9. Tapis rouge et contrôle rigoureux et exhaustif

À certaines occasions, j'ai mentionné qu'il existe deux approches de la création d'entreprise. Un, de grandes demandes bureaucratiques pour la création d'entreprises et un peu plus tard ou sous contrôle et surveillance. Une autre approche beaucoup plus efficace et logique: favoriser la création rapide d'entreprises et par la suite mener des contrôles continus et efficaces. En Espagne, nous avons opté pour la première voie et nous sommes l'un des champions européens de l'économie souterraine. C'est un modèle inefficace que le gouvernement actuel tente de changer. La création d'un EBT doit être clairement située sur la deuxième piste. Un grand tapis rouge d'entrée et des contrôles périodiques et systématiques efficaces. Bref, un modèle qui devrait être extensible au reste du système métier.

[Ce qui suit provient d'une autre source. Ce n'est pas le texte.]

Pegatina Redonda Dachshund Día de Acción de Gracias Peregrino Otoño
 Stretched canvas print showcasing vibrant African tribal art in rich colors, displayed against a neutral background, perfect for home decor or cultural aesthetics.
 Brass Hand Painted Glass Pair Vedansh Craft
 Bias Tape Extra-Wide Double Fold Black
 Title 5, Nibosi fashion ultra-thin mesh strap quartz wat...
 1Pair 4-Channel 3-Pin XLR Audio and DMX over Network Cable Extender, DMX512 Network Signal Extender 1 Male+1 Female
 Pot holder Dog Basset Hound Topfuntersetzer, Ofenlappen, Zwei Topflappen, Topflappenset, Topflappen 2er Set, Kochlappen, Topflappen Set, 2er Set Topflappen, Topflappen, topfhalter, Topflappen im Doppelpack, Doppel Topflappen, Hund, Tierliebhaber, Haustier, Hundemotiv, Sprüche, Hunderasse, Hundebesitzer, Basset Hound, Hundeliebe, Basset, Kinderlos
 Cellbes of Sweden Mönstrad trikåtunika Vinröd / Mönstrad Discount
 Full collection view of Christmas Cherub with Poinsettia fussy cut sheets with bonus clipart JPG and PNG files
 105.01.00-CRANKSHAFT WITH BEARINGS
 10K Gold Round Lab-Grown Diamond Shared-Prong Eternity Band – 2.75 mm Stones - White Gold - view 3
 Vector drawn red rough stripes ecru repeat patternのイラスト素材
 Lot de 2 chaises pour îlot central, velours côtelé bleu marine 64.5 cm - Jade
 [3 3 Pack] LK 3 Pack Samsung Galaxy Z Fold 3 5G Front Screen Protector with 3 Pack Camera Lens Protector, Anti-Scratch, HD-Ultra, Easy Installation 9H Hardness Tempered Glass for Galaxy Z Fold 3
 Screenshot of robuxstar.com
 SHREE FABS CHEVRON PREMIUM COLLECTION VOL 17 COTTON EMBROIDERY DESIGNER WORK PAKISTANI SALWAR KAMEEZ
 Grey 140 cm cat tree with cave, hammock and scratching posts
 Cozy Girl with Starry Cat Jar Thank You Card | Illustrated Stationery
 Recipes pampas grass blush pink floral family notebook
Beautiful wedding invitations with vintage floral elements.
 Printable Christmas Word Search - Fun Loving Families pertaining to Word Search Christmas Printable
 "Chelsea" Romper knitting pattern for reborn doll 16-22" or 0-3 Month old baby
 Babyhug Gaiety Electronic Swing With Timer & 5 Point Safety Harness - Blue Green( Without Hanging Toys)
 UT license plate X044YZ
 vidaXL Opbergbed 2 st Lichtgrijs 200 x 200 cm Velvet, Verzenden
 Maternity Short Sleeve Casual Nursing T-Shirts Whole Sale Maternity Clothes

10. Un réseau espagnol d'EBT (y compris ibéro-américain)

Heureusement, je vois de nombreuses universités espagnoles qui font un énorme effort pour créer des EBT. C'est peut-être bon signe. Il est nécessaire, urgent, un réseau collaboratif qui permet de partager les problèmes. solutions, actions communes... et surtout de configurer un modèle d'EBT considéré par la société, et en interne par l'Université comme un instrument pertinent et décisif, à la fois pour orienter nos recherches de manière plus productive, et pour créer une culture entrepreneuriale, créative et innovante parmi les étudiants et les enseignants . Mise à jour: Mon bon ami Senén Barro me raconte l'existence du Association espagnole des entrepreneurs scientifiques et technologiques (www.aeec.es), peut-être un bon point de départ pour la mise en réseau des ETB dont nous avons besoin.

Remarques:

(*) Mario Piattini, non lié à l'UA; Professeur d'informatique lié à l'UCLM. Son nom figure parmi les quinze meilleurs chercheurs au monde dans les domaines du génie des systèmes et du logiciel dans l'étude indépendante 'Meilleurs chercheurs dans le domaine du génie des systèmes et du logiciel (2004-2008) ". Il est également l'un des promoteurs et conseillers du brevet e-chaussée.

(**) Je souhaite donner le grâce à l'Université d'Alicante -en particulier à son recteur- pour l'initiative et Pilotes Lucentia Lab EBT pour compter sur moi.